<<<<

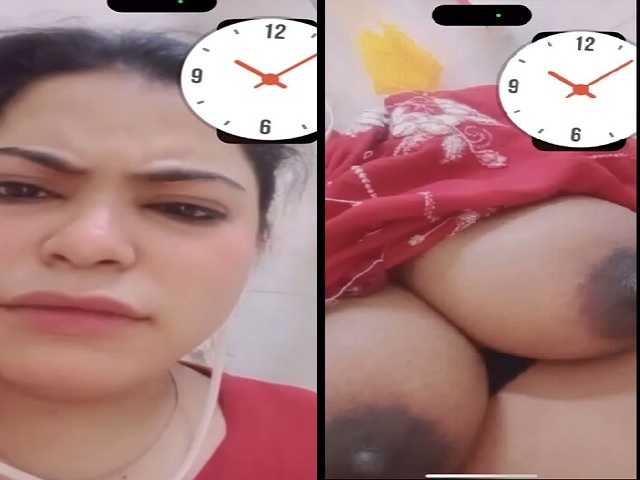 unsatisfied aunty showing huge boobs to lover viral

>>>>
<<<<

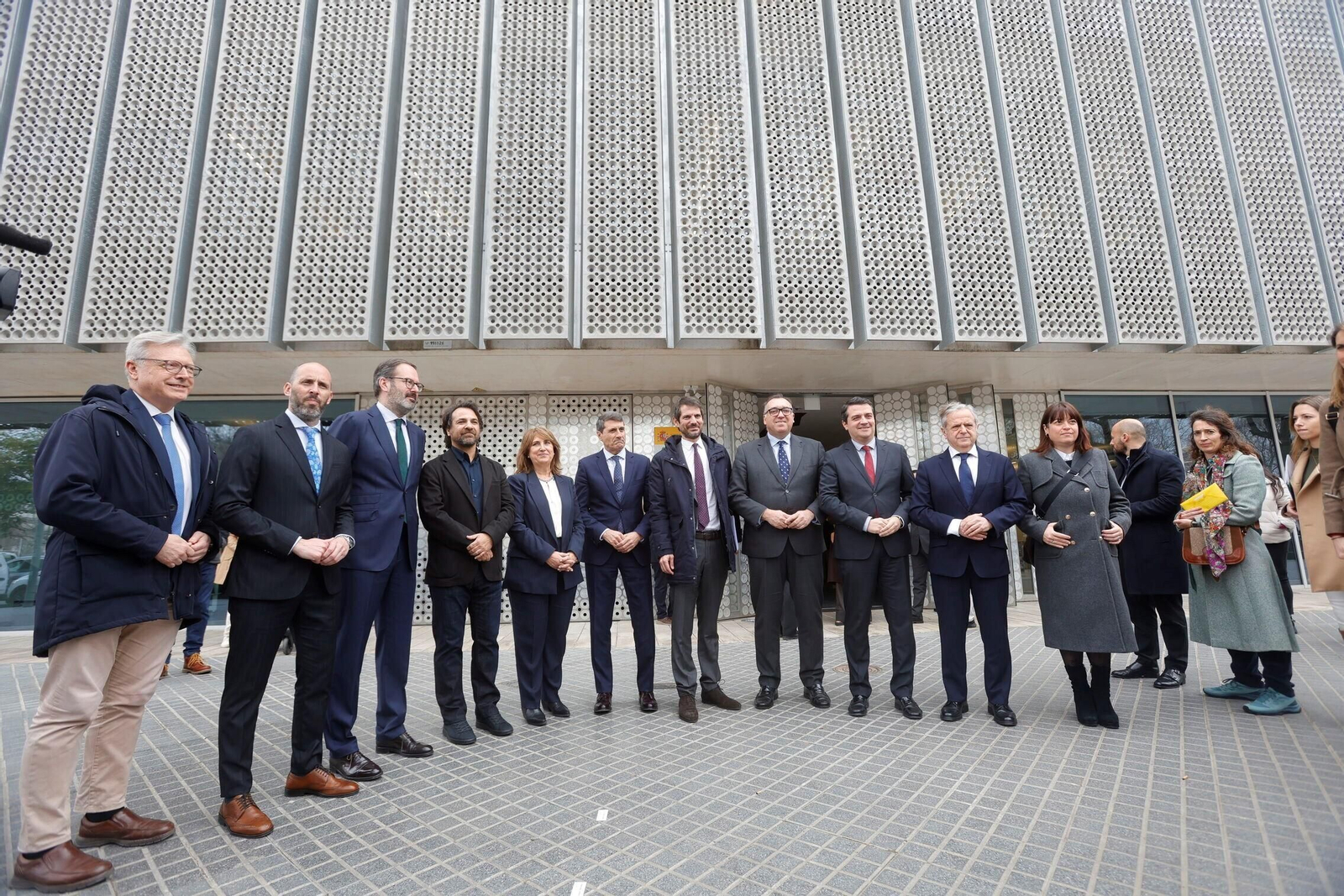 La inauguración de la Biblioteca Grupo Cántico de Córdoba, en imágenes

>>>>
<<<<

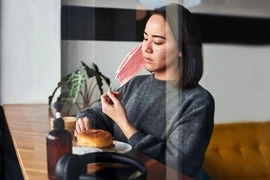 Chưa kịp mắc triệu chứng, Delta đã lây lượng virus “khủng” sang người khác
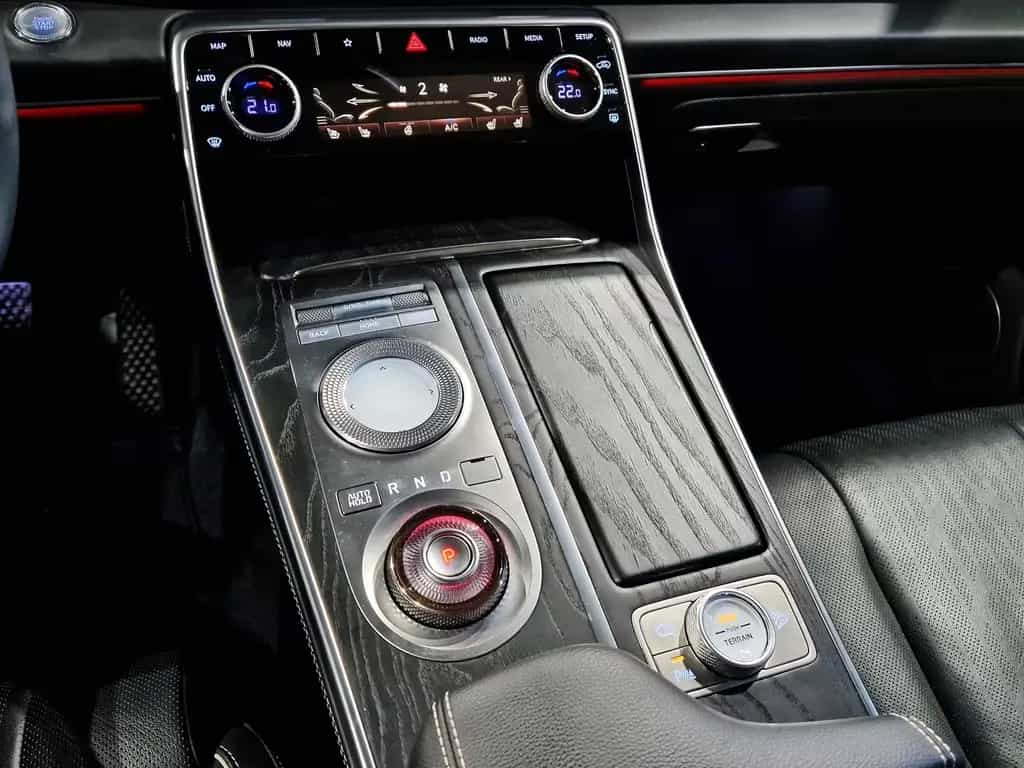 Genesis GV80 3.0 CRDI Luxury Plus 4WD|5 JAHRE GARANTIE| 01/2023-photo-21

>>>>

Between and including the line with "Chưa kịp mắc" and the line with "Genesis GV80 3.0", repeat every line exactly as it appears above, with pictures left out.

 Chưa kịp mắc triệu chứng, Delta đã lây lượng virus “khủng” sang người khác
 Genesis GV80 3.0 CRDI Luxury Plus 4WD|5 JAHRE GARANTIE| 01/2023-photo-21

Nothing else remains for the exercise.